Minnesota Waitress Sues Police Over $12,000 Tip: UPDATED
If $12,000 somehow ended up in our hands, we'd want to hang on to it, too: a Minnesota waitress who found the thousands-of-dollars tip at her table is now suing the police for keeping the money, which is now being investigated in relation to drugs.
Stacy Knutson, who works at the Fryin' Pan in Moorhead, Minn., says a woman left a takeout box (from another restaurant) at her table; when Knutson went to return the box, the woman instructed her to keep it. When Knutson opened the box, she found rolls of cash inside. Knutson called the police, feeling uneasy about keeping the money.
After telling Knutson that she could claim the money after 60 days (and later told after 90 days), the police backtracked and kept the money as part of an ongoing drug investigation, the lawsuit alleges. They said she would receive a $1,000 reward for turning in the money. The reason the police held onto the cash is because of a law that states forfeiture of money in the presence of narcotics.
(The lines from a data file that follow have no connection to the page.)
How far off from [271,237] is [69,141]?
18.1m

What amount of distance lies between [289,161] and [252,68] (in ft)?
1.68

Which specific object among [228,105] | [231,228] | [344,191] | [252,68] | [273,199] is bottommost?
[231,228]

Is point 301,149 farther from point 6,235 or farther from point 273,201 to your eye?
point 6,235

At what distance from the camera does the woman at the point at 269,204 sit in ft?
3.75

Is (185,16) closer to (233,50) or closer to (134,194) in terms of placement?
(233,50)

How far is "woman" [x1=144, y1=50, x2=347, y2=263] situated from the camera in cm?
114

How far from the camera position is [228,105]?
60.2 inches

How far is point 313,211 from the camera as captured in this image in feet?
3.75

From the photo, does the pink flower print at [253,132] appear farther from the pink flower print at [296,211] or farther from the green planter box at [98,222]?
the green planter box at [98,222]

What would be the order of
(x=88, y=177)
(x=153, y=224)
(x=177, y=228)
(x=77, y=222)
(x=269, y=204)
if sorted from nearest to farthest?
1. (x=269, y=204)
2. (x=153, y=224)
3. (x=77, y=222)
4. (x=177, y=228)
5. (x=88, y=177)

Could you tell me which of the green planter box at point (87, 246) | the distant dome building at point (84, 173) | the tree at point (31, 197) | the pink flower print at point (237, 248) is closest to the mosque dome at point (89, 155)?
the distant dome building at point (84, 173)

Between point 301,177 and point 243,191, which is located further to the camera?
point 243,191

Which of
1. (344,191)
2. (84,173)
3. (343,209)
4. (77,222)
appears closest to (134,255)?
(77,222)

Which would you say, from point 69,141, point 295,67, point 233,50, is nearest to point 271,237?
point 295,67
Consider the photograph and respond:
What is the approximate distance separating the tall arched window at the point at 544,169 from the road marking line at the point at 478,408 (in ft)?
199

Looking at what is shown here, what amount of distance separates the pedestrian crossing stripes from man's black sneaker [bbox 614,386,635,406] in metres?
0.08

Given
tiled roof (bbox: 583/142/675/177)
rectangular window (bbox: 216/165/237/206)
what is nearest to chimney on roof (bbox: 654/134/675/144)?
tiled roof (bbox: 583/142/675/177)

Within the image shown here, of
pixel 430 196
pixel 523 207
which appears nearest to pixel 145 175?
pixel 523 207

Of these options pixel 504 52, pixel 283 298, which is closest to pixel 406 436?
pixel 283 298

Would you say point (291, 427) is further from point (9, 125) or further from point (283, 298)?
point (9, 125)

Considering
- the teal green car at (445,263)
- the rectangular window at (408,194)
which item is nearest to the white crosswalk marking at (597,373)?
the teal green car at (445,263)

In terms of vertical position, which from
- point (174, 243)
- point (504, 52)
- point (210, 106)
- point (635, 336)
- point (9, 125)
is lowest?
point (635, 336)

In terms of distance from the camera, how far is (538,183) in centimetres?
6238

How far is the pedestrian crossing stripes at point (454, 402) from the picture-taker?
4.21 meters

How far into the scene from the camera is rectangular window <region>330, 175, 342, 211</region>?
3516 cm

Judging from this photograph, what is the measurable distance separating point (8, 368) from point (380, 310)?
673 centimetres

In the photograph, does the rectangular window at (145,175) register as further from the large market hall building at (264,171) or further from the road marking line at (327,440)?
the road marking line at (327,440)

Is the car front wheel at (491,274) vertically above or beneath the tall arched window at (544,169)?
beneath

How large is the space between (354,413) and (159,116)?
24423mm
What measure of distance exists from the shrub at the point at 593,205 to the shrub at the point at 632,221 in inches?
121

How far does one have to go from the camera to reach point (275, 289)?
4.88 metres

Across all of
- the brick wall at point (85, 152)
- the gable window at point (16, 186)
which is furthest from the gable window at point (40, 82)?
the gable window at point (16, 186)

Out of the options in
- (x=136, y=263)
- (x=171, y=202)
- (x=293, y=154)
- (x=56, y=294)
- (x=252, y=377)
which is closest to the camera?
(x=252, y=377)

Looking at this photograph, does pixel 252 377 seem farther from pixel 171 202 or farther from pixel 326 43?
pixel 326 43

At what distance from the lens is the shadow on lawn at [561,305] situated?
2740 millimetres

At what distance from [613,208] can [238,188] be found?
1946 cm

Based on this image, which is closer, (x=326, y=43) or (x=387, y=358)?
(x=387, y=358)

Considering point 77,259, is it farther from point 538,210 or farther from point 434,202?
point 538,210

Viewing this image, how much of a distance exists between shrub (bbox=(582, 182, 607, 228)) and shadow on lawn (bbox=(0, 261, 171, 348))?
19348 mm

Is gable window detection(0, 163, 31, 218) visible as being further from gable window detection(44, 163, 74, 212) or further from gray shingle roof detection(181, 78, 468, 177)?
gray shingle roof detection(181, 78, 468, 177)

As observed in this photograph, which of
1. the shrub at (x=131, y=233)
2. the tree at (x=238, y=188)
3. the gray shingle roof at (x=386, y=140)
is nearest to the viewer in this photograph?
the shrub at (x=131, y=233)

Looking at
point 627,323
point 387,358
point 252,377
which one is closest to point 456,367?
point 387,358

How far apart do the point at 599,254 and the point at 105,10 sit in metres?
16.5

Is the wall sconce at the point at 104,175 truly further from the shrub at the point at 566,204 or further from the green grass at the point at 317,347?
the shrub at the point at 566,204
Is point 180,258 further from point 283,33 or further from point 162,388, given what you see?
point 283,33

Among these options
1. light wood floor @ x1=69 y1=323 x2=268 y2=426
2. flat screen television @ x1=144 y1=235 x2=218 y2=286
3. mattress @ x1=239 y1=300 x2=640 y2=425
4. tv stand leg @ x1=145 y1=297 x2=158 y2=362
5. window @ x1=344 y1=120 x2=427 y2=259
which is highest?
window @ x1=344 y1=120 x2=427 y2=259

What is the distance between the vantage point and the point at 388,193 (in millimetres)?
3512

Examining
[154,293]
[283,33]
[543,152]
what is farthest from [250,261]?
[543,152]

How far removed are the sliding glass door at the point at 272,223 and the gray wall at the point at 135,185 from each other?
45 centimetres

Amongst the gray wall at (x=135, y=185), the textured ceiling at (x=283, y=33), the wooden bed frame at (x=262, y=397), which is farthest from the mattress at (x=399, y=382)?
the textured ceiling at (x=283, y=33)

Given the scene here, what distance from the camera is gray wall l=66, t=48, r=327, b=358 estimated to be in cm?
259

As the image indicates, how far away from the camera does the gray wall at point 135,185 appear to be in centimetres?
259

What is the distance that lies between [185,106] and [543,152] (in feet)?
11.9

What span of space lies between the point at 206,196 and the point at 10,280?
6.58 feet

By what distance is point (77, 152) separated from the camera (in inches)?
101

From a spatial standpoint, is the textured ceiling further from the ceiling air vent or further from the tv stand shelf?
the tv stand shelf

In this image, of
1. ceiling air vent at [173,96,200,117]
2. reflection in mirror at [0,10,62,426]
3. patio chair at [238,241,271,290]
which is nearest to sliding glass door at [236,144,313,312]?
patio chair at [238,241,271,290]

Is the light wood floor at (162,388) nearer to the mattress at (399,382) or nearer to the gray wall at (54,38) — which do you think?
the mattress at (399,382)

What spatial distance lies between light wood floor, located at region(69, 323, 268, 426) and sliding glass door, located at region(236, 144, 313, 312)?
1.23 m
Police are believed to have smelled marijuana on the bills, but Knutson's lawyers say it shouldn't prevent her from keeping the tip.
Knutson now states in the lawsuit that the takeout box was meant for her, due to her family's financial struggles. Said Knutson in the lawsuit, "I do know that the person gave me what was in that to-go bag... Thus as I understand it, it is mine." The tip, she said in the lawsuit, was nothing short of a miracle. Police Lt. Tory Jacobson credited Knutson for "doing the right thing" and alerting the police, but that the final decision — to let her keep the dough or not — now rests in a judge's hands.
Updated: Good news for Knutson today: she'll be able to keep the full $12,000 she discovered at the restaurant she worked at, CBS reports. Her attorney, Craig Richie, says "integrity has now prevailed."